Source data:
▬▬▬▬▬▬

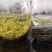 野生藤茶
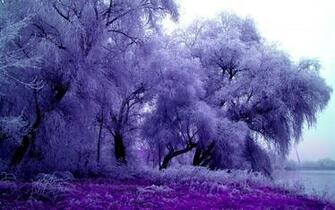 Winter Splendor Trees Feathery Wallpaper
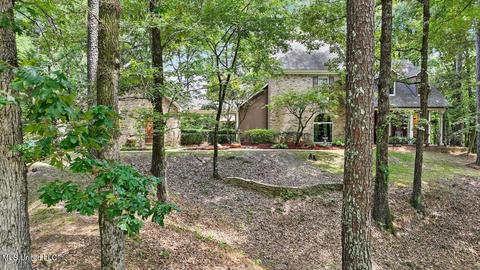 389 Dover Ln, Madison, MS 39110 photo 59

▬▬▬▬▬▬

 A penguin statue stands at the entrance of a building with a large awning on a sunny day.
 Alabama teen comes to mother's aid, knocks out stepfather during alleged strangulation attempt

▬▬▬▬▬▬

Description of the task: In the listing above, find the line with "A penguin statue" and the line with "Alabama teen comes"; output exactly those lines and all lines between them.

Written response:
 A penguin statue stands at the entrance of a building with a large awning on a sunny day.
 Alabama teen comes to mother's aid, knocks out stepfather during alleged strangulation attempt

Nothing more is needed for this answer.